> [Exercise data]:
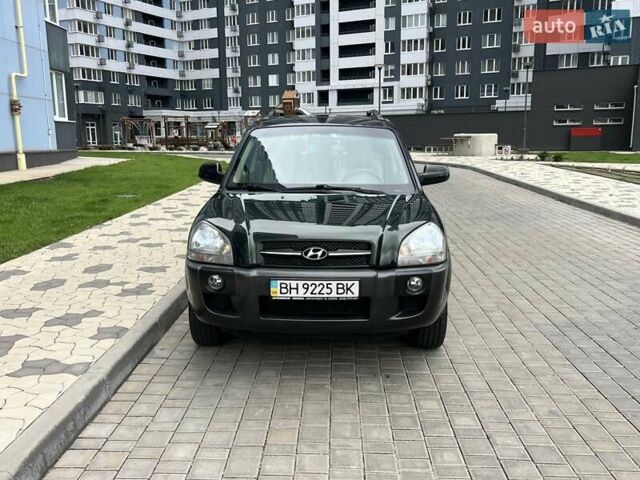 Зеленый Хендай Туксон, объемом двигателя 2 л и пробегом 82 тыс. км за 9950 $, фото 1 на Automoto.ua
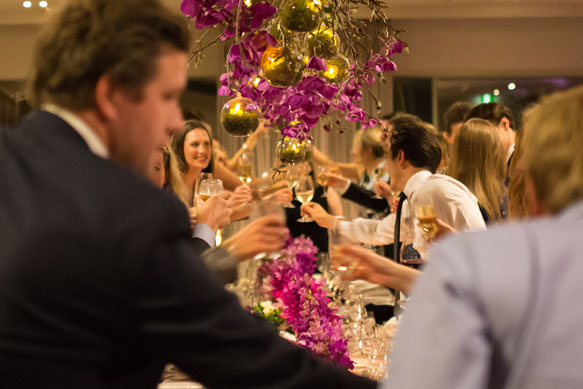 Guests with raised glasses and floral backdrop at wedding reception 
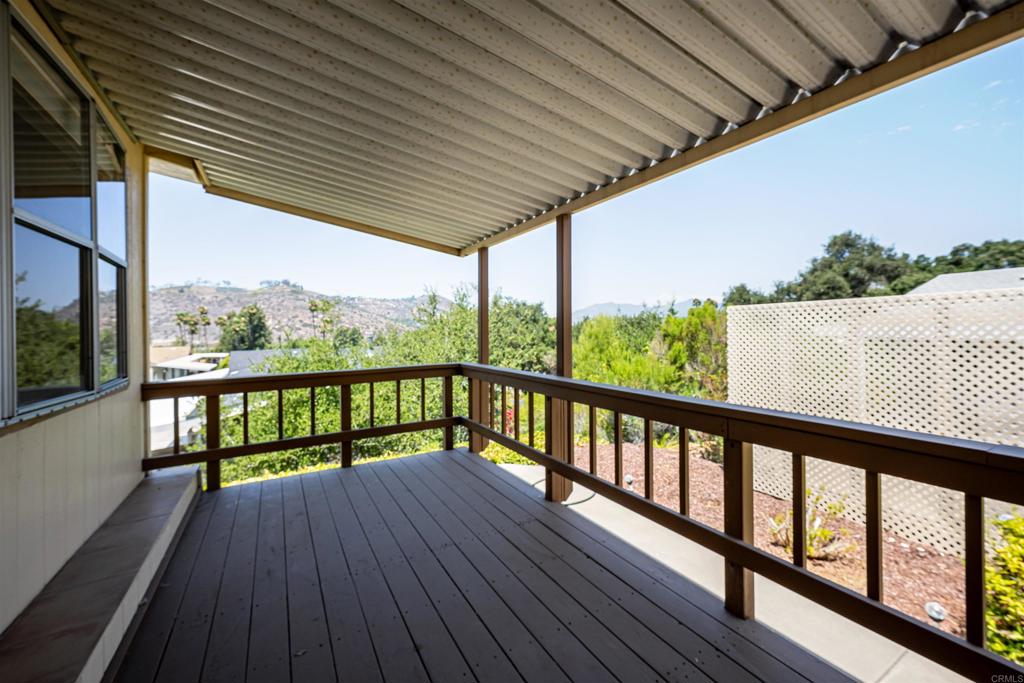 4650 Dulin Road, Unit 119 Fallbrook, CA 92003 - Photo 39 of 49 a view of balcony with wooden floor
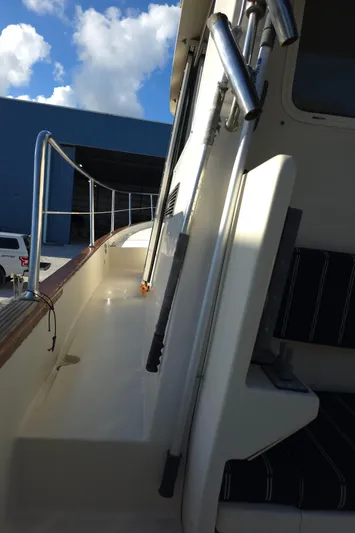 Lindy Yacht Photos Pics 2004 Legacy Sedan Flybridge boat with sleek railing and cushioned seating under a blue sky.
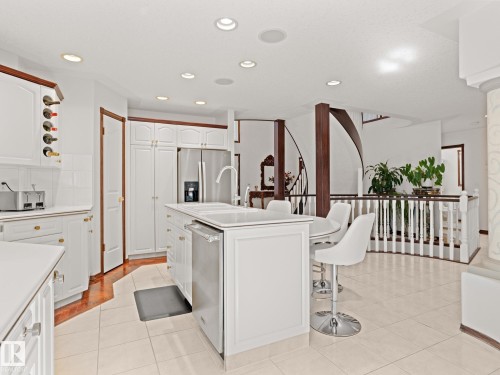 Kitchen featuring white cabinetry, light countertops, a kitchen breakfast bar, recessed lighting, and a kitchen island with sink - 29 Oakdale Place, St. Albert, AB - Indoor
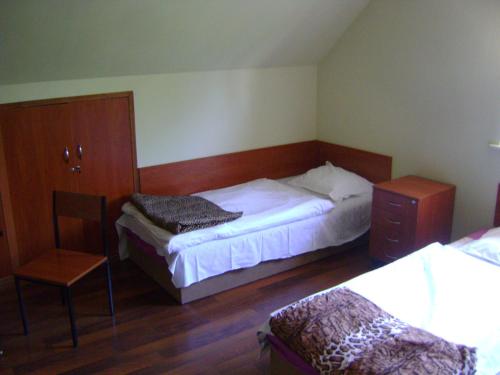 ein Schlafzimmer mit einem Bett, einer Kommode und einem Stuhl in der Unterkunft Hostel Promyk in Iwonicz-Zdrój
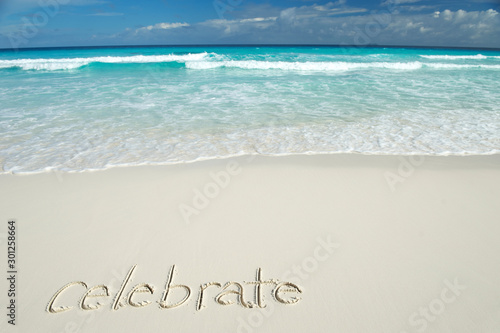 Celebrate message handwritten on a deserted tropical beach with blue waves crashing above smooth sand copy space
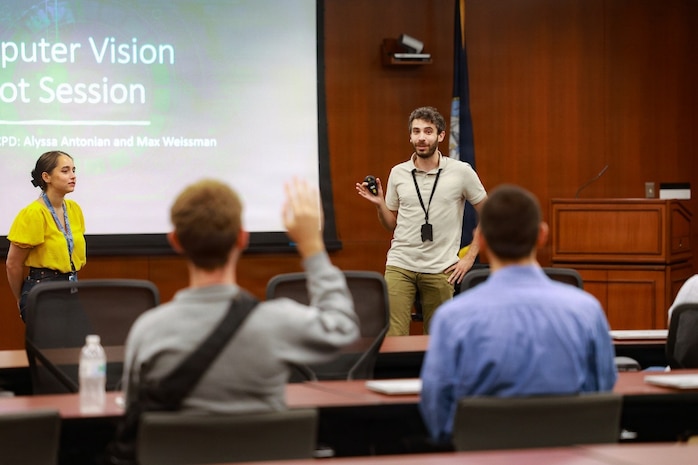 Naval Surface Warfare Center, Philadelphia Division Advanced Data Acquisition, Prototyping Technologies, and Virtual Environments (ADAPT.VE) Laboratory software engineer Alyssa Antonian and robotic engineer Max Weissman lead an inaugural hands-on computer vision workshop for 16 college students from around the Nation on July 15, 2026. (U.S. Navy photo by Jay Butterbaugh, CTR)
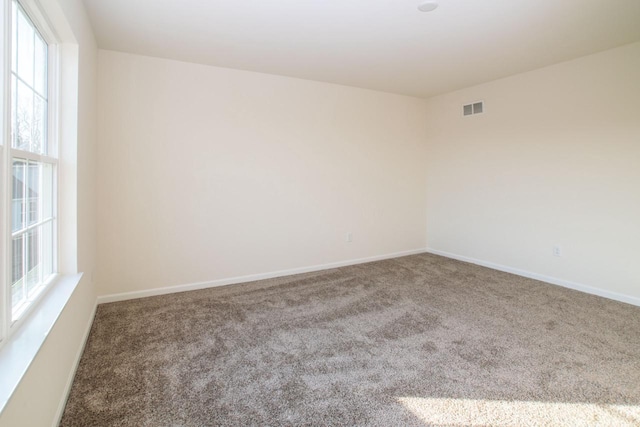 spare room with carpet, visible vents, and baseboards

> [Work required]: Copy out all the entries exactly. Images stay out of the copy.

> [Task answer]:
 Зеленый Хендай Туксон, объемом двигателя 2 л и пробегом 82 тыс. км за 9950 $, фото 1 на Automoto.ua
 Guests with raised glasses and floral backdrop at wedding reception 
 4650 Dulin Road, Unit 119 Fallbrook, CA 92003 - Photo 39 of 49 a view of balcony with wooden floor
 Lindy Yacht Photos Pics 2004 Legacy Sedan Flybridge boat with sleek railing and cushioned seating under a blue sky.
 Kitchen featuring white cabinetry, light countertops, a kitchen breakfast bar, recessed lighting, and a kitchen island with sink - 29 Oakdale Place, St. Albert, AB - Indoor
 ein Schlafzimmer mit einem Bett, einer Kommode und einem Stuhl in der Unterkunft Hostel Promyk in Iwonicz-Zdrój
 Celebrate message handwritten on a deserted tropical beach with blue waves crashing above smooth sand copy space
 Naval Surface Warfare Center, Philadelphia Division Advanced Data Acquisition, Prototyping Technologies, and Virtual Environments (ADAPT.VE) Laboratory software engineer Alyssa Antonian and robotic engineer Max Weissman lead an inaugural hands-on computer vision workshop for 16 college students from around the Nation on July 15, 2026. (U.S. Navy photo by Jay Butterbaugh, CTR)
 spare room with carpet, visible vents, and baseboards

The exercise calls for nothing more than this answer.